And this is far from a comprehensive list of problems that arise throughout the film if Deckard is a replicant. Scott appears to have wanted audiences to have doubted Deckard’s humanity – but once you examine the story you realise that it only makes sense if he’s human. In a sense he’s metaphorically a replicant – used by his superiors for horrible hazardous work against his will that drives him insane. And he goes on a journey to re-find his humanity.

Now it should be noted that Harrison Ford is not entirely accurate on Blade Runner either. In 2002 he perpetuated the rumour that the voice-over was done without Scott’s involvement, and Scott later said doing a voice over was his idea after negative reactions from test audiences (actually it was part of the script). In the same 2002 interview Ford said that he and Scott disagreed at the time over whether Deckard should be human or a replicant, however I think he means it within the context of certainty (Scott wanted to leave doubt for the audience, Ford didn’t want that).

Deckard doubting his humanity is a theme from the book. In the book Deckard has an existential crisis and doubts his own humanity after being arrested by a sham police station who accuse him of being an android.
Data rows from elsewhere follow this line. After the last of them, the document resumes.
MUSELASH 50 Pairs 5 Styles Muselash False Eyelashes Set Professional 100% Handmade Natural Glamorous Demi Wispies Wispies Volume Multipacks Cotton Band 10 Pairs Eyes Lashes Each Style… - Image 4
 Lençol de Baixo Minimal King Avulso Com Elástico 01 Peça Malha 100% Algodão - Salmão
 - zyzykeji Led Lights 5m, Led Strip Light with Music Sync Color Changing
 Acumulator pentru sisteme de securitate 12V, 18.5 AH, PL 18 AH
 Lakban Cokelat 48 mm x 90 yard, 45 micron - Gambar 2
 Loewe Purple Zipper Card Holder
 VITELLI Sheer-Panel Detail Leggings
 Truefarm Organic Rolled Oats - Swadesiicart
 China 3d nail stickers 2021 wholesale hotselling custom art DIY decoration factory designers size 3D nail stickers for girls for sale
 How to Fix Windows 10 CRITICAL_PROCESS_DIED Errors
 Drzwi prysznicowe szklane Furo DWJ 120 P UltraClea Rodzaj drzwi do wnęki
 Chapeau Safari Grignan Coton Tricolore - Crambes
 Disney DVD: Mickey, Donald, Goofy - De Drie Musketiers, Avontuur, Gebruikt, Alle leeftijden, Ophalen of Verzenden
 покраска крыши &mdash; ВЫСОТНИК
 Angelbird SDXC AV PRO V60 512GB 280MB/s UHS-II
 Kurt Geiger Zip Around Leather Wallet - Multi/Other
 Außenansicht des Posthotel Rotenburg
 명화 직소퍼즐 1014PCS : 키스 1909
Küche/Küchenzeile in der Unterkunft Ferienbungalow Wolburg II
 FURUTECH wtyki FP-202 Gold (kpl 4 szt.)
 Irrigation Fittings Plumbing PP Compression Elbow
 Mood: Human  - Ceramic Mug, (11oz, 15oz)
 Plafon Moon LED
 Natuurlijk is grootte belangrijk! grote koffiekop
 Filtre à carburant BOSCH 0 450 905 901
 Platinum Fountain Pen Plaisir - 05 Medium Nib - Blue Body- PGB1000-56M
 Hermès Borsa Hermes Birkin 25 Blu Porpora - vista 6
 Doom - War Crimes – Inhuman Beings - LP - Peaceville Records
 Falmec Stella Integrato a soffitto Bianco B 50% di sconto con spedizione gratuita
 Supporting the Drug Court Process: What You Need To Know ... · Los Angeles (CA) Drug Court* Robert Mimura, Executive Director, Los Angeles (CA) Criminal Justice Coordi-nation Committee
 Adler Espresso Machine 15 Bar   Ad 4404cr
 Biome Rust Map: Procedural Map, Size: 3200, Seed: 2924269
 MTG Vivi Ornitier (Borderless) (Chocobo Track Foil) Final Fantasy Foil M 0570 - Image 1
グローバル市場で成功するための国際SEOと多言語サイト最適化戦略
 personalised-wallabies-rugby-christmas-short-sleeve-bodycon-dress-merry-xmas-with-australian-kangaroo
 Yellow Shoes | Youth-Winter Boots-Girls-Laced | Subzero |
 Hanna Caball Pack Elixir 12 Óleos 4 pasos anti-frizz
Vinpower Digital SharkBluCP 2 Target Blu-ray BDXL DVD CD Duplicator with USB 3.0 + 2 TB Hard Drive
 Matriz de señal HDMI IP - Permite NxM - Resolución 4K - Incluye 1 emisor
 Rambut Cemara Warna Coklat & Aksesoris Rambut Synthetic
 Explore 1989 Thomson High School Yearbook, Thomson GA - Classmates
In reality, the sham police station is staffed entirely by androids with the sole exception of their bounty hunter. Deckard and the other bounty hunter escape and both question their humanity. They’re both human, but Deckard feels empathy for the androids, whereas the other bounty hunter doesn’t. In the film Scott tried to condense this theme into just one bounty hunter – one that simultaneously has empathy for androids and is brutal to them resulting in him questioning his humanity. The problem is that Deckard never questions his humanity in the film. So rather then the unicorn dream and the origami being a proof that Deckard is an android, I think they are the film’s replacement for Deckard questioning his humanity to leave the viewer questioning it instead.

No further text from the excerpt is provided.